Andamos dándole vueltas a las indentidades colectivas y sus correlatos individuales atomizados. Mientras unos se creen Michael Jackson, otros juegan a serlo y otros imitan el juego de identidades refractario del mercado publicitario. Ya no podremos saber si se es lo que se dice, lo que se supone o lo que se predica de las cosas, porque el troquel ha perdido todo quicio y los goznes no aúnan nada más que reproducciones colectivas de yoes, al modo benjaminiano de la obra de arte en la época de su reproductibilidad técnica. Ahora nos reproducen en un bucle simbólico autorreferenciado que nos impide saber con cierta coherencia dónde están los espejos y dónde las paredes. Porque sería casi el principio del fin de la locura postmoderna el tener claro quién cuelga de qué.

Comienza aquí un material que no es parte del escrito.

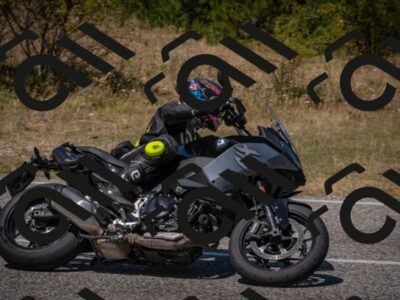 20250809124321-_5001227_am_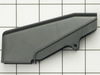 Lower Hinge Cover – Part Number: 61001609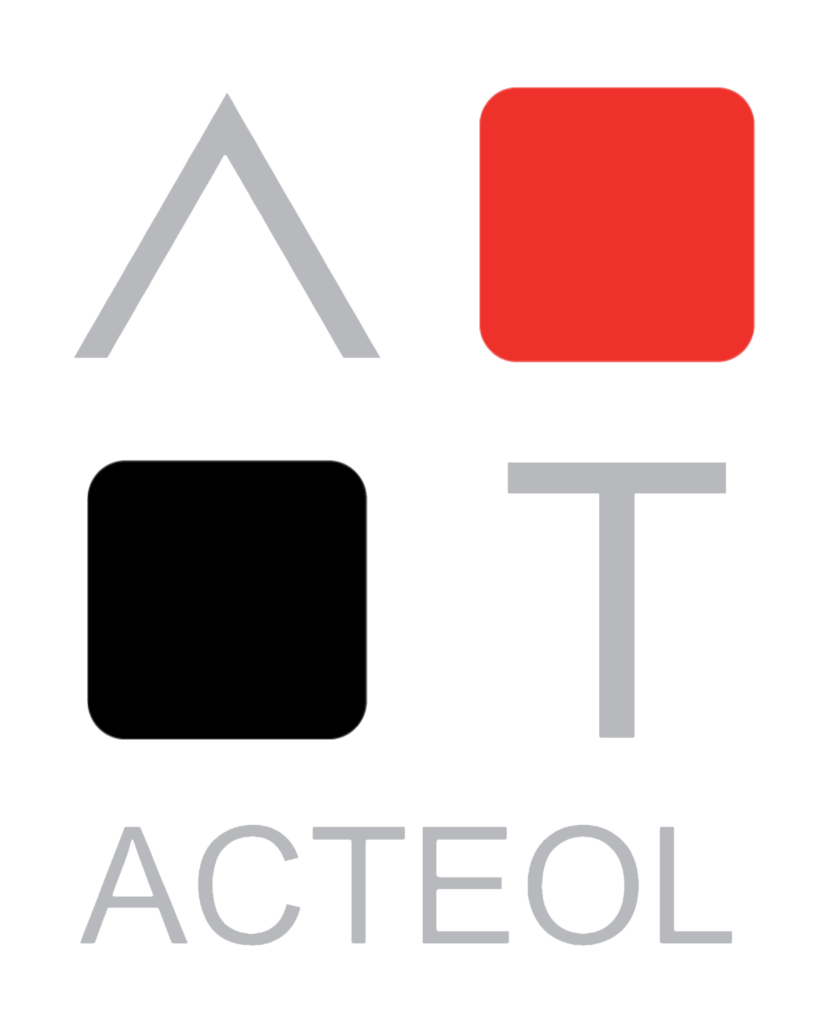 Acteol/Atreemo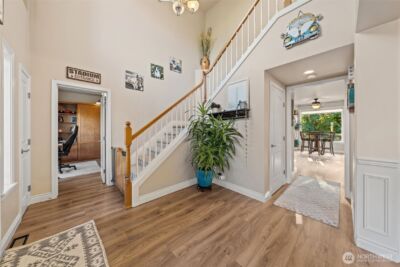 1702 109th Avenue Ct E, Edgewood, WA 98372 - Photo 8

Y pensándolo bien, parece que el supuesto jefe del juego ha acabado creyéndose el papel en el que se ha embarcado, de tal manera que ya sólo sabe escupir mentiras especulares de su propia imagen refractada una y otra vez en un océano de miradas anhelantes de identidad ajena. "Todos somos Obama", acabarán bramando las multitudes, en un intento por adquirir algo de realidad, aunque sea a costa de su propia verdad. Todos andan locos buscando con linternas en medio de la noche una luciérnaga que les alumbre, pero ese que proclama la paz a los cuatro vientos de guerra, ese también busca su propia identidad perdida: él es el primero que busca a Obama, el primer imitador de Obama, el primero que se cree Obama; el resto imitan su imitación en una mímesis especular suicida.
Había una vez un hombre que se creía Obama y consiguió que multitudes acabaran creyendo en Obama, pero nadie sabía la verdad, la única verdad que se oculta tras los molinos de la realidad: que la única diferencia entre Obama y yo es que yo no soy Obama.